Equal to the quality of the stage created by the T1s, the imaging is absolutely spot on. Instruments are clearly placed in all three dimensions and you can hear a singer’s voice higher than the guitar they’re playing and in front of the orchestra behind and beside them. I love the way instruments leap out of the background on the T1s, not in an artificial way, but just cleanly and clearly. Lower level headphones I’ve heard seem to blend from one instrument / sound / texture to the next like a painter allowing one colour to bleed into the next. If other headphones are slightly blurry in this regard, the T1s deliver everything in high definition. Sounds are crisp, sharp and defined, but not emphasised, edgy or separated – everything is coherent, musical, exciting and enjoyable.
I can honestly say that there isn’t anything I dislike about the Beyerdynamic T1s. It’s true that they will reveal a poor DAC, amp or recording and may sound harsh as a result (more so with a poor DAC or amp than poor recordings), but this is more because they are true to the source rather than them being flawed and difficult to drive. They also do seem to pair really well with tube amplification because of the smoother presentation, but I have also enjoyed them from solid state amps like the Audio-gd NFB-5.2, Aune S2 Panda Mk2, and Matrix M-Stage amp, all of which are mid-level at most so it’s not like you have to break the bank on an amp to enjoy the T1s.
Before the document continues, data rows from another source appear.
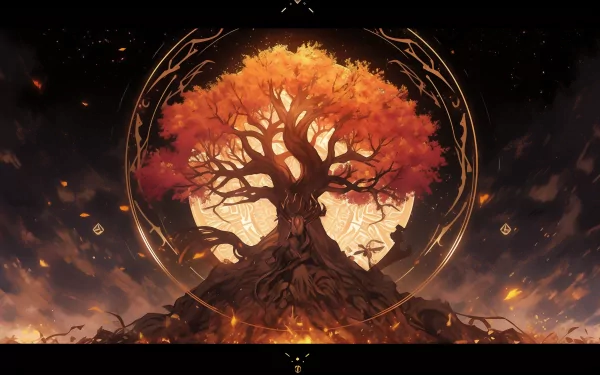 A stunning HD desktop wallpaper featuring Yggdrasil, the World Tree, with vibrant orange leaves against a glowing moon, surrounded by intricate geometric patterns.
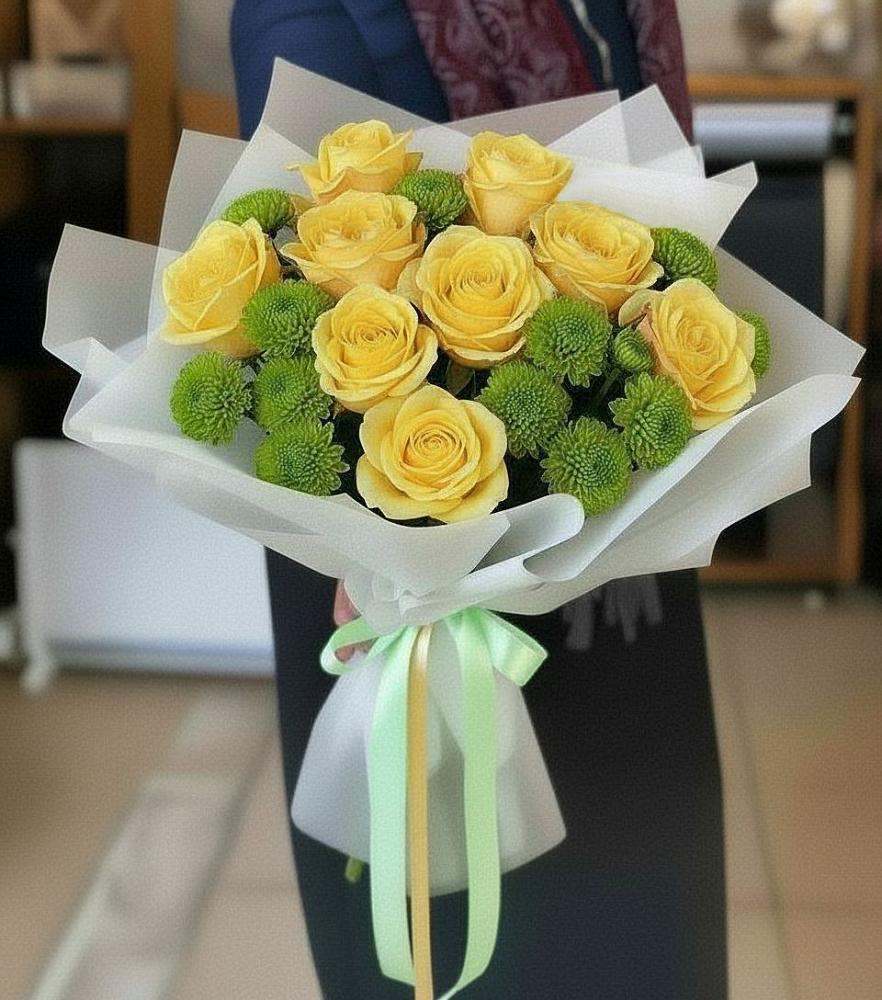 Букет цветов из: Хризантемы и Розы в Карачаевске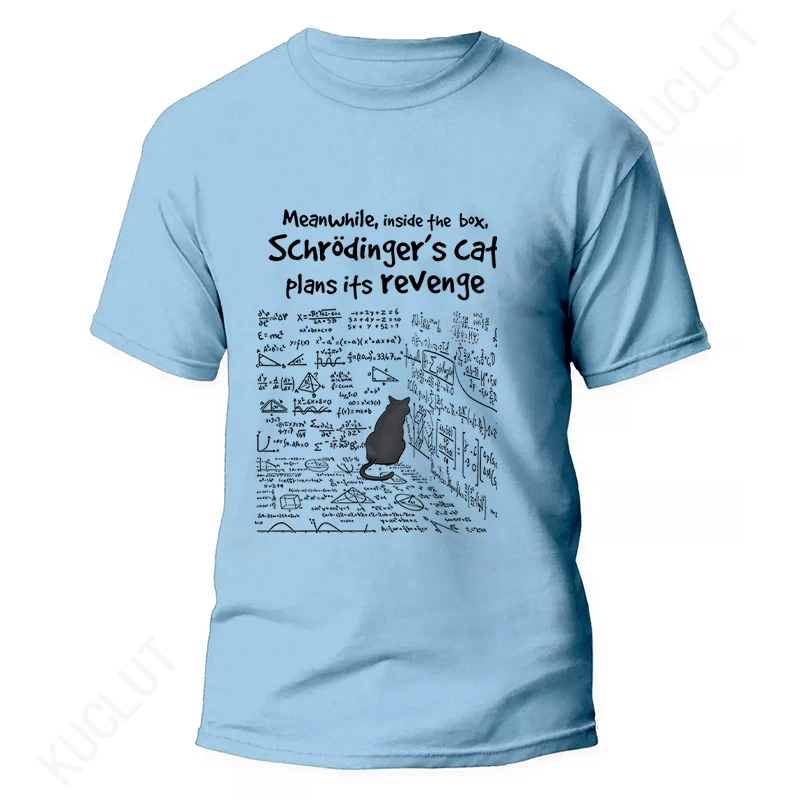 Schrödinger's Cat Men T-shirts Cat's Revenge Funny Math Formula Tshirt Male Clothes Short Sleeve Tees Fashion Graphic Y2k Tops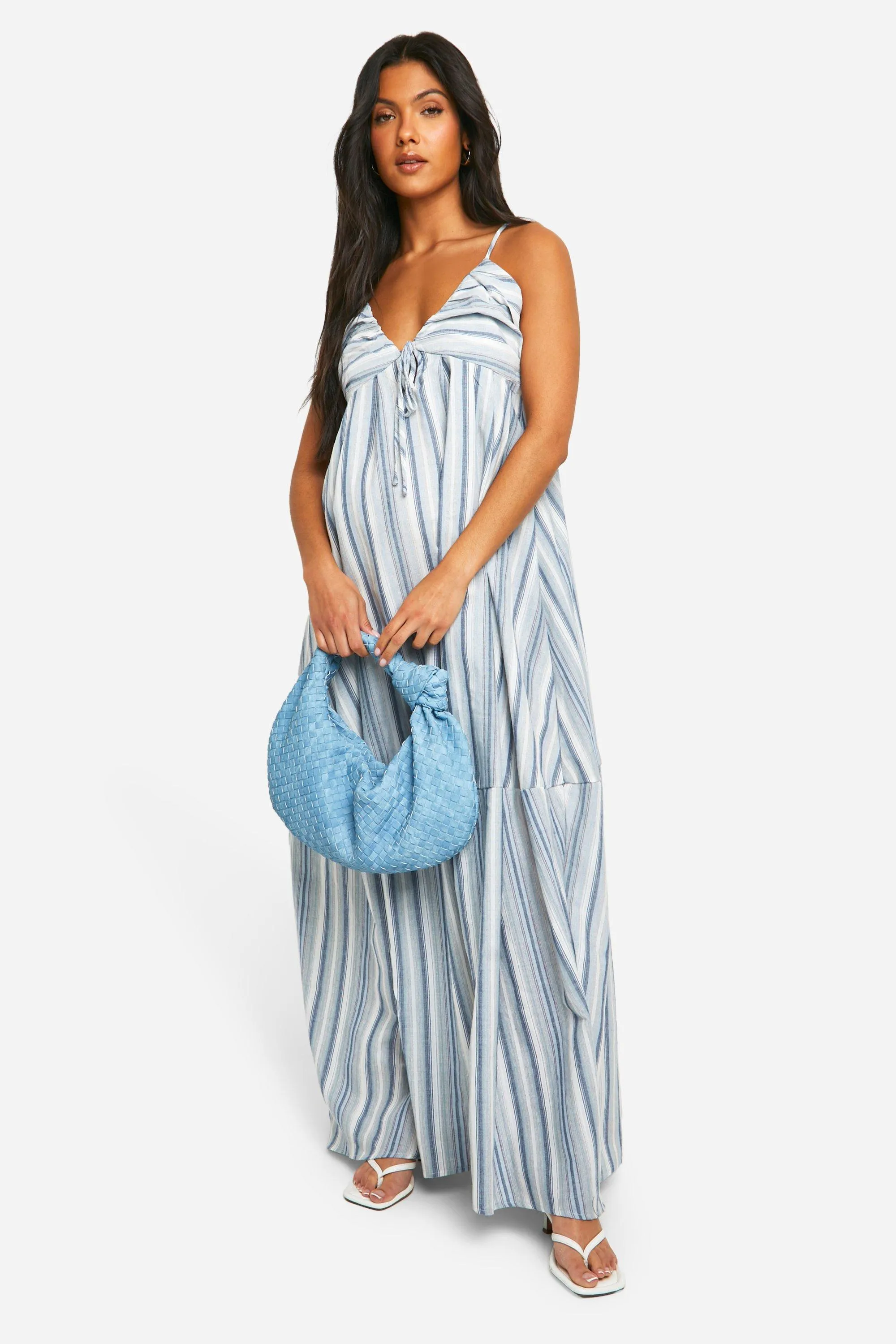 Maternity - Long Striped Linen Pregnancy Dress: Shop Now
That said, you will reap major benefits as you upgrade your source units with the T1. As with any top-end headphones, they scale very well with better gear giving outstanding results.
I am yet to find a track or genre that doesn’t sound great on the T1s and I know from much discussion on Head-fi’s T1 thread that I’m not alone in that regard. To me, these could be the ultimate all-rounder flagship. Other headphones like the LCD-2, HD800s, etc. may do certain things better, but I doubt you’ll find a headphone that does anything better (without possibly getting into electrostatic territory which I can’t comment on).
There are a number of mods around for the T1 including mods using felt, cotton wool, and acoustic foam inside the earcups to dampen some of the treble. I experimented with the felt mod when I first received the T1s, but every version I tried resulted in tamed highs, but a reduced soundstage and a loss of something magic about the T1s. I kept feeling like they were good with the mod, but exceptional and addictive without the mod.
I haven’t exhausted all options so I’m not discounting the possible benefits of some of the other mods discussed, but the best things I found to maximise the T1′s performance are a good system including a good USB cable (if using computer audio), a good DAC, and a nice amp (tube or solid state, but my preference is towards tube).